According to the SEC's complaint, Gansman misappropriated the information about pending acquisitions on numerous occasions in breach of a duty of confidentiality owed to Ernst & Young and its clients. Murdoch was a registered securities professional and managing director of a Philadelphia-based broker-dealer and investment banking firm during the alleged period of insider trading. The complaint claims that she used the non-public information provided by Gansman to tip her father, Gerald L Brodsky, who also is named as a defendant by the SEC, and to make recommendations to two others.

According to the complaint, Murdoch’s trading based on the non-public information from Gansman resulting in at least $392,035 in illegal profits. The SEC claims that she provided information about one of the pending acquisitions, Freescale, to Brodsky, who traded on this information through a nominee account. Brodsky’s illegal profits totaled $63,400, the SEC estimated.

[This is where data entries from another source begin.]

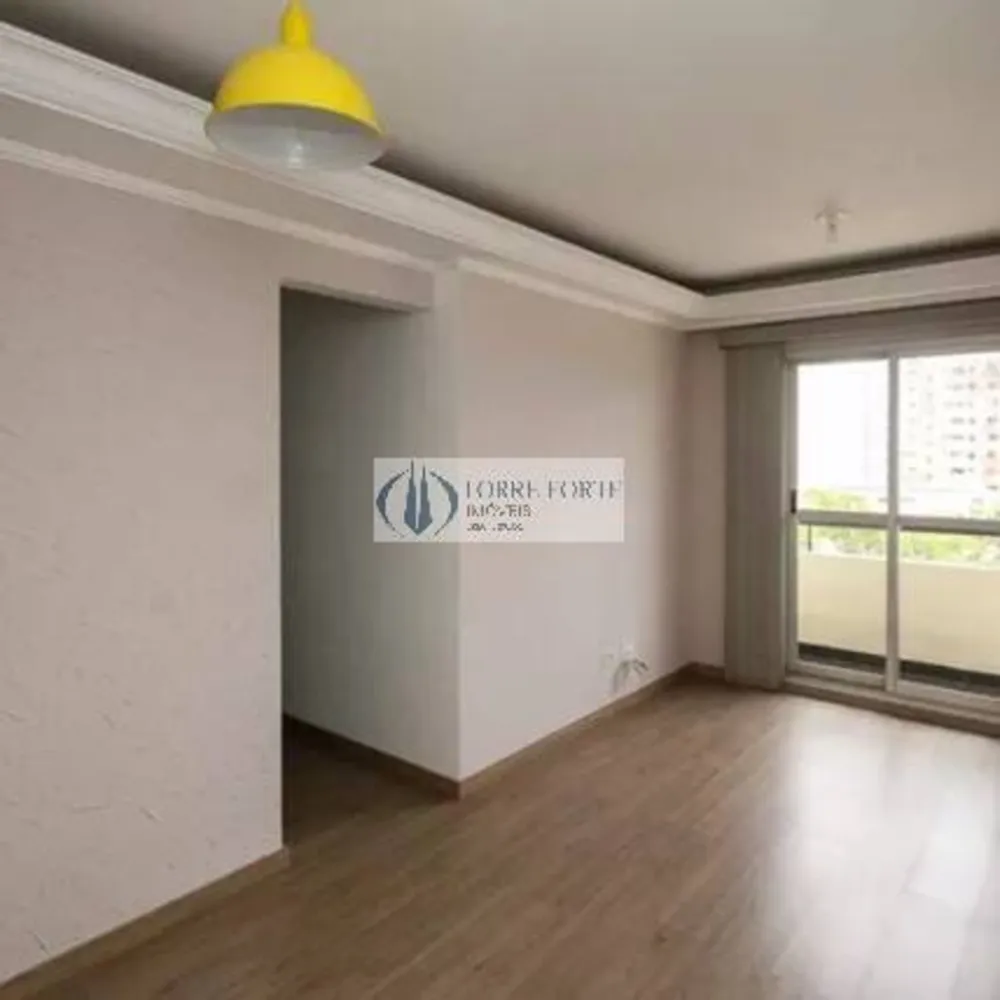 Apartamento, 3 quartos, 64 m² - Foto 1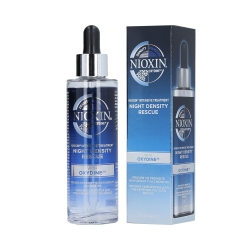 NIOXIN INTENSIVE TREATMENTS Density Rescue Night treatment 70ml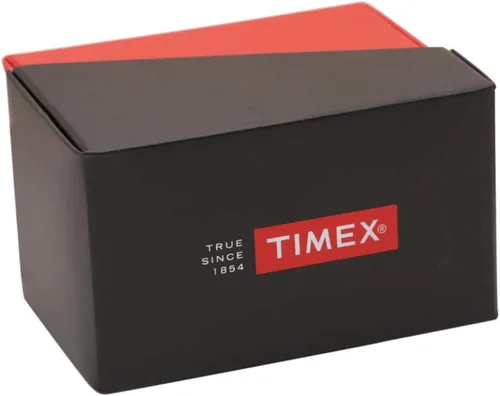 Vista 3 de Timex Marathon TW5M21000 - Reloj de silicona con esfera digital Digital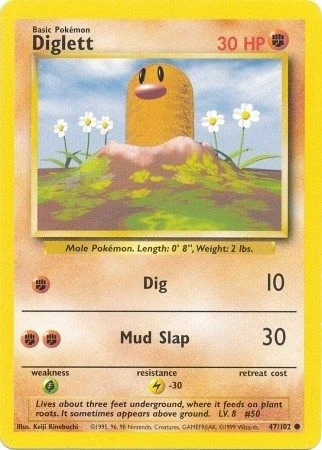 Diglett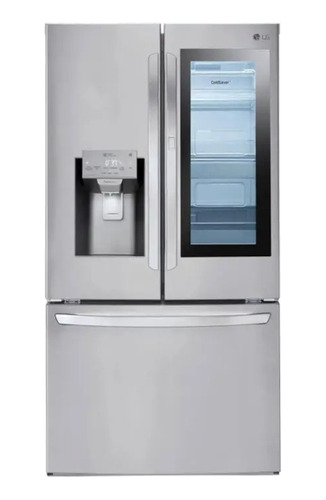 Refrigeradora French Door LG Gm78sxs /29cp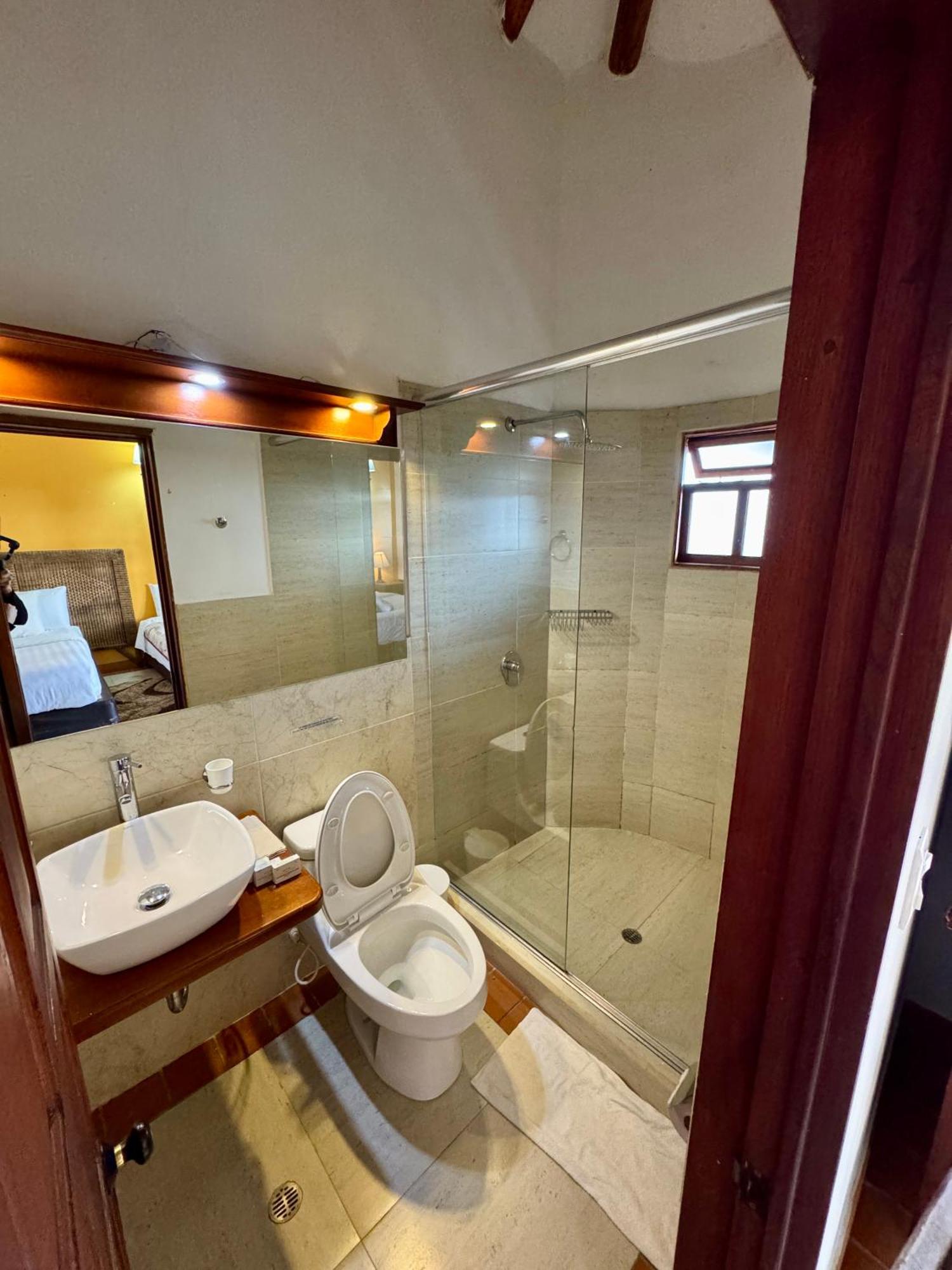 Habitación Triple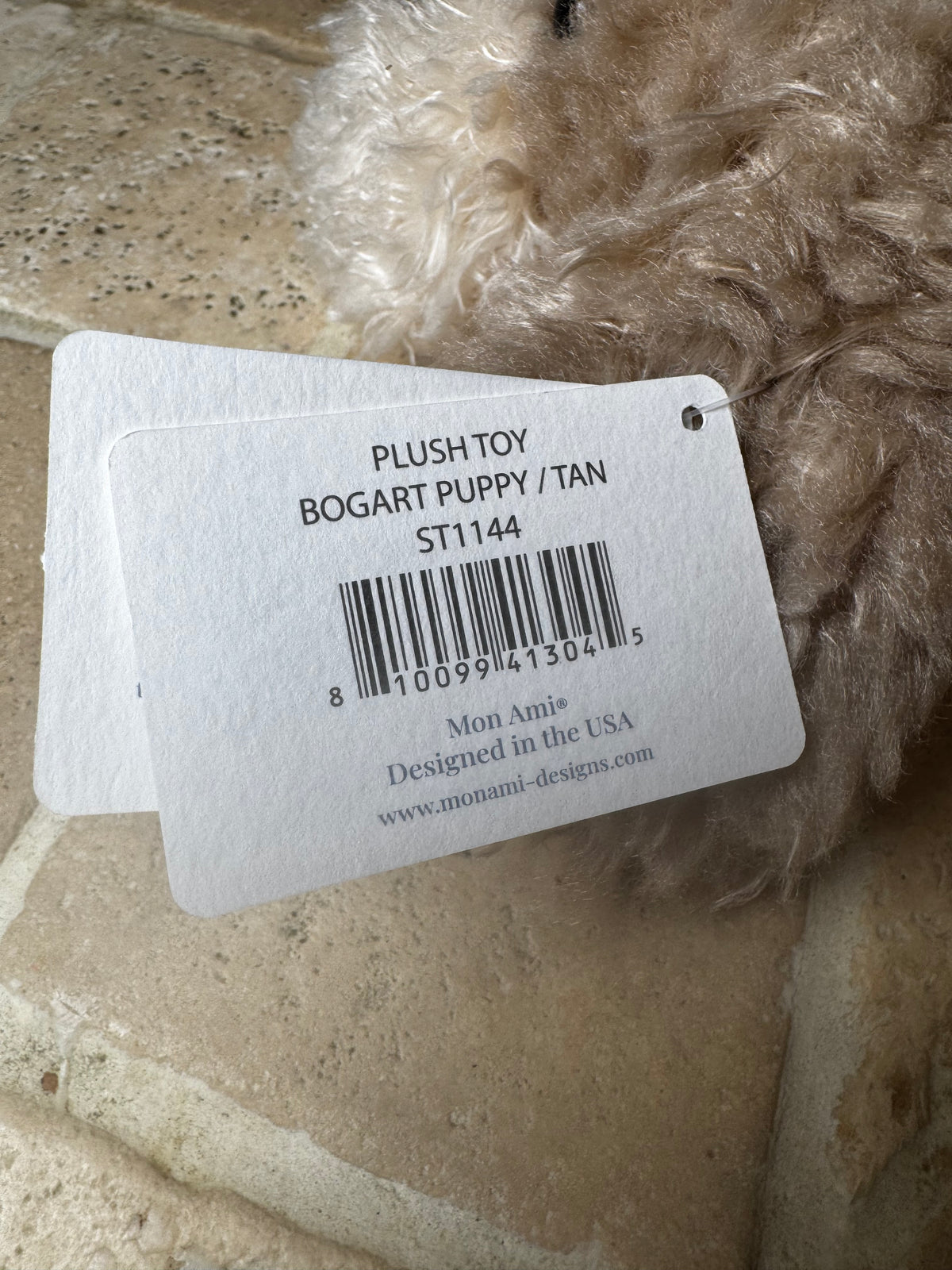Mon Ami | Bogart Puppy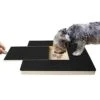 GENERIC Dog Scratch Pad For Nails Double Sided Scratch Board For Dog -Zoo Shop 41Ryhls3CAL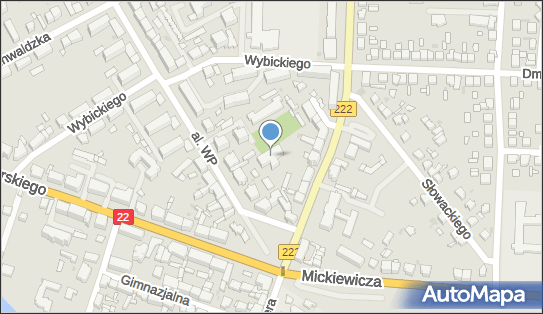 5921626990, Ośr.Rekreacyjno Sprawnościowy 
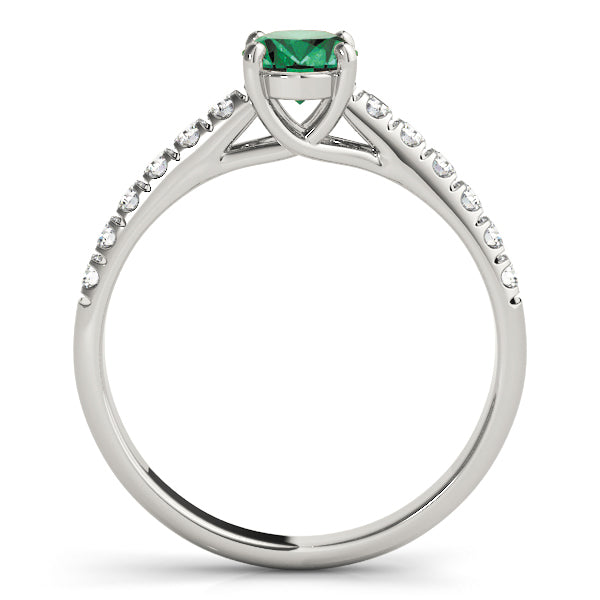 Trellis Engagement Ring (82901)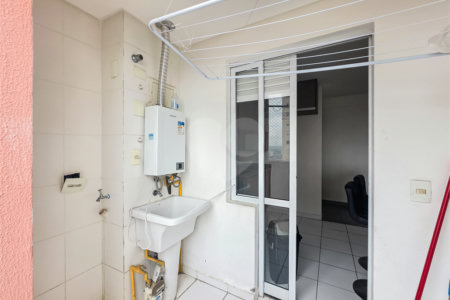Cobertura Duplex - Ipiranga - 3 Quartos / Dormitórios - 2 Vagas - Locação / Aluguel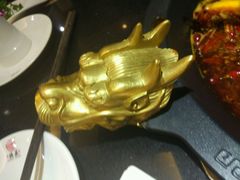 -重庆德庄火锅(体育中心店)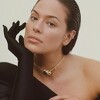 Ashley Graham pozirala toples: Ponekad je osvježavajuće skinuti stvari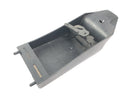 BMW K 1200 GT K12 [2003] - Tool compartment interior panel-1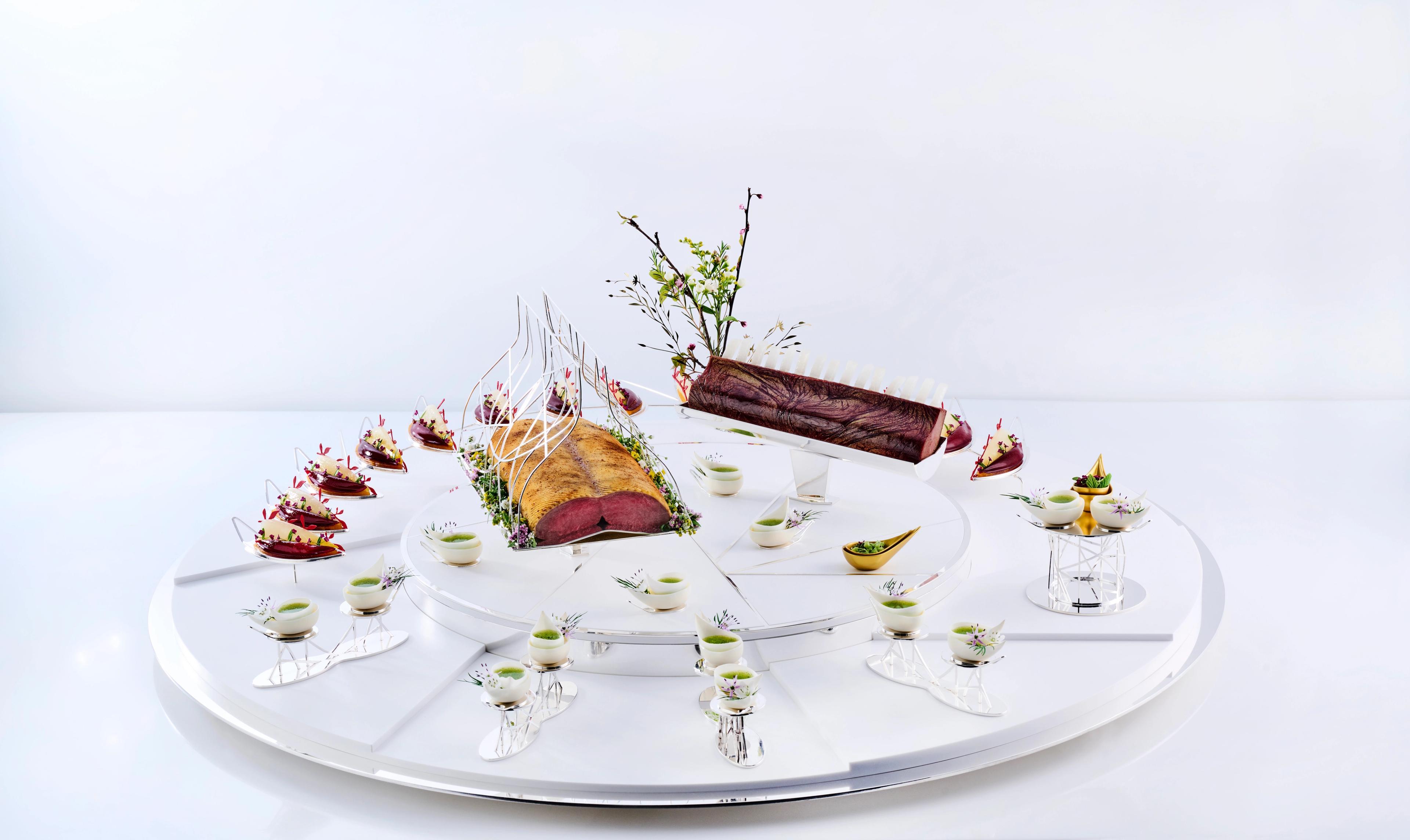 Bocuse d'Or 2022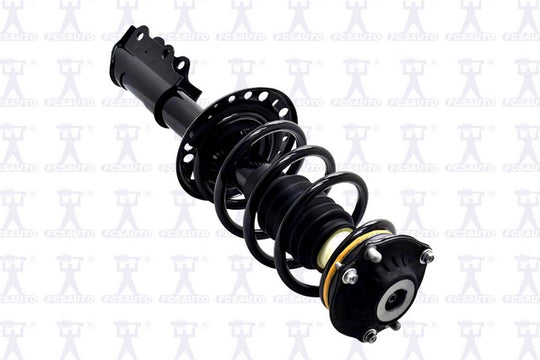 1334056R Front Right Suspension Strut and Coil Spring Assembly FCS Shocks & Struts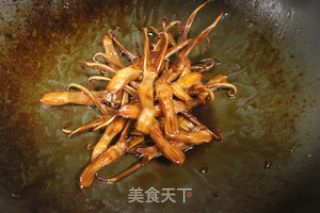 懒人酱鸭舌的做法步骤：3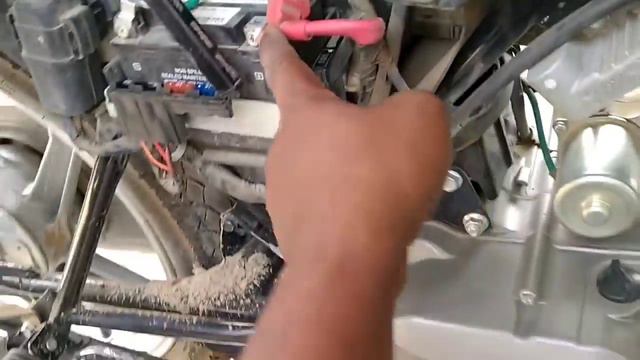 ये 6 काम करना होगा bs6 bike मै करेंट की समस्या के लिए, Splendor Deluxe bs6 wiring work,bike service смотреть онлайн
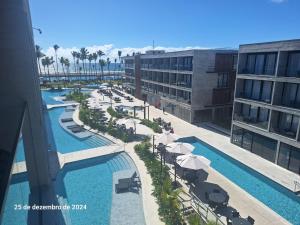 GAV Porto Alto Resorts Bloco 01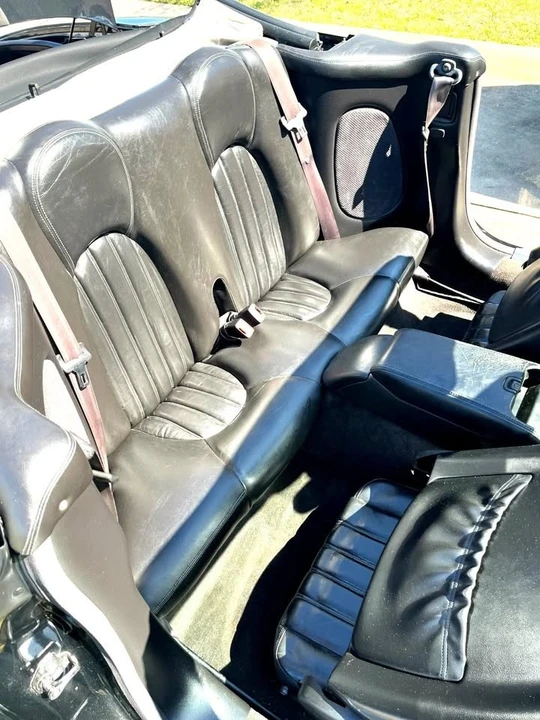 2000 Jaguar X100 XK8 - Image 7 of 7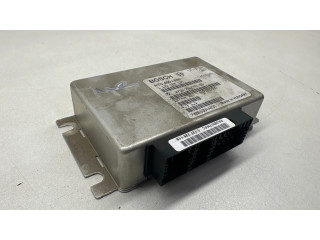 Блок управления редуктора коробки передач (раздатки) 7542725, 1137328119   BMW X3 E83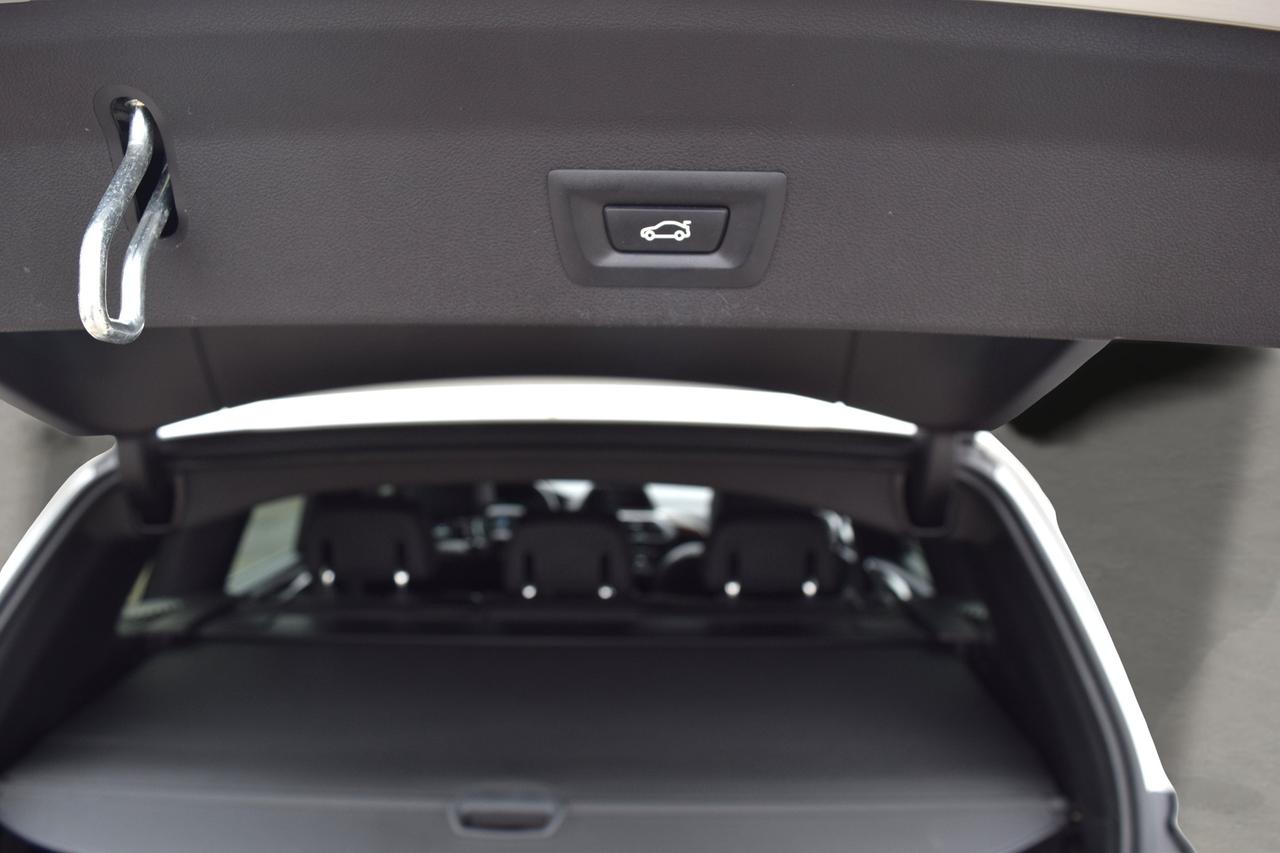 2018 BMW X3 xDrive30i Back Up Camera Photo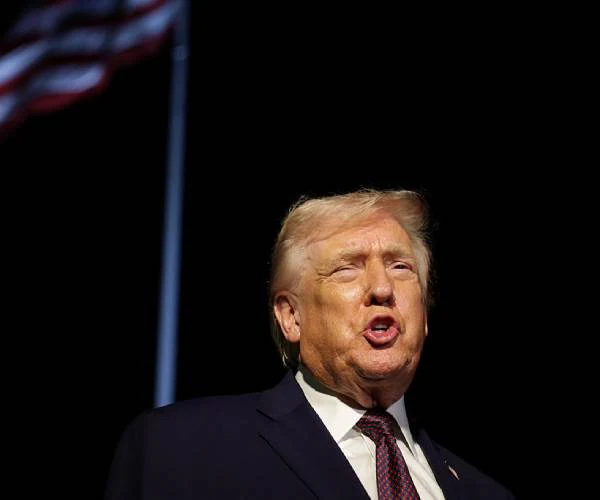 Стратег Республіканської партії Newsmax: критики економіки Трампа дискредитовані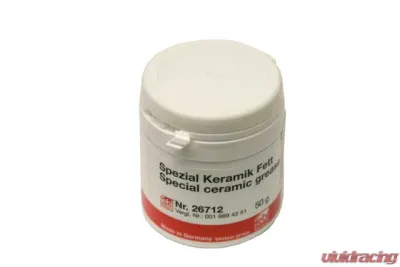 Febi Bilstein Ceramic Paste 001-989-42-51 10 - 001-989-42-51 10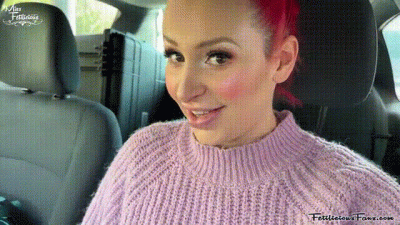 Miss Fetilicious & Rosanna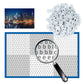 Joyshare 1000 Piece NYC City Skyline Jigsaw Puzzle, 50×70 CM Adult Puzzle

The complaint further alleges that Murdoch recommended trading in the securities of two of the target companies, Freescale and ATI, to other individuals who traded for profits of $140,760.

The SEC complaint asserts that Gansman, Murdoch, and Brodsky violated Section 10(b) of the Securities Exchange Act of 1934 and Rule 10b-5 thereunder, and that defendants Gansman and Murdoch also violated Section 14(e) of the Exchange Act and Rule 14e-3 thereunder.

The SEC said it is seeking injunctions against future violations of the federal securities laws, disgorgement of unlawful trading profits with prejudgment interest, and civil monetary penalties. The SEC reminded that the investigation in its allegations is ongoing.